By Peter H. Geraghty
Director, ETHICSearch

You are representing a client in a personal injury matter.  During pre trial voir dire proceedings and during the trial itself, can you search for and monitor jurors’ and potential jurors’ Twitter accounts and social network Internet postings?  What are your obligations should you uncover evidence of juror misconduct?

You represent a client in a wrongful discharge matter against the client’s former employer.  You have reason to believe that certain high-level employees of the employer are dissatisfied and may be likely to post unfavorable comments about the employer on their private social networking pages.  Can you send a “friend” request to these employees to gain access to their private social media pages?

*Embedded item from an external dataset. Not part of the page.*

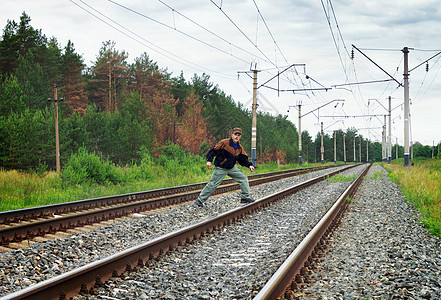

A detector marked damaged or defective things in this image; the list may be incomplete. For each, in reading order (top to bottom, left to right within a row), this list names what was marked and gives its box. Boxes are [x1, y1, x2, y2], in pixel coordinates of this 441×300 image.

rusty rail [0, 165, 358, 298]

Since the publication of the last Eye on Ethics column on Facebook, November of 2010, “Facebook: State Bar Opinions Address Information Gathering,” there have been some new state bar opinions that have addressed various issues that relate to social networking. The topics covered include monitoring jurors’ social network and Internet postings, and whether a lawyer can “friend” high-level employees of an adverse represented party.

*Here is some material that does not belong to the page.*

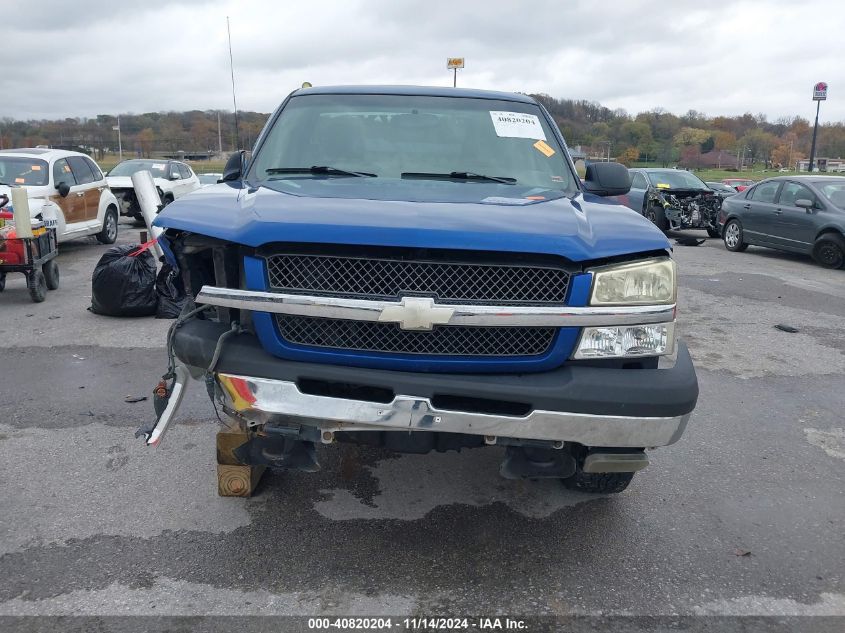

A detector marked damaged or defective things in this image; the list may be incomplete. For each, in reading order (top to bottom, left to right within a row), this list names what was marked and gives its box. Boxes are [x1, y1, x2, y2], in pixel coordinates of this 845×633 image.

I. Monitoring jurors’ social network and Internet postings

New York County Lawyers’ Association Committee on Professional Ethics Opinion 743 (2011) addressed the question of whether a lawyer can monitor jurors’ social network and Internet postings.  Referring to Rule 3.5 Maintaining and Preserving the Impartiality of Tribunals and Jurors of the New York Rules of Professional Conduct, the committee noted that a lawyer is prohibited from any direct or indirect communication with a juror during trial and certain types of communications are also prohibited after trial.  Subparts (a)4 and (a)5 of the New York Rule states as follows:

A lawyer shall not:

4. communicate or cause another to communicate with a member of the jury venire from which the jury will be selected for the trial of a case, or, during the trial of a case with any member of the jury unless authorized to do so by law or court order;

5. communicate with a juror or prospective juror after discharge of the jury if (i) the communication is prohibited by law or court order; (ii) the juror has made known to the lawyer a desire not to communicate; (iii) the communication involves misrepresentation, coercion, duress or harassment; or (iv) the communication is an attempt to influence the juror's actions in future jury service ...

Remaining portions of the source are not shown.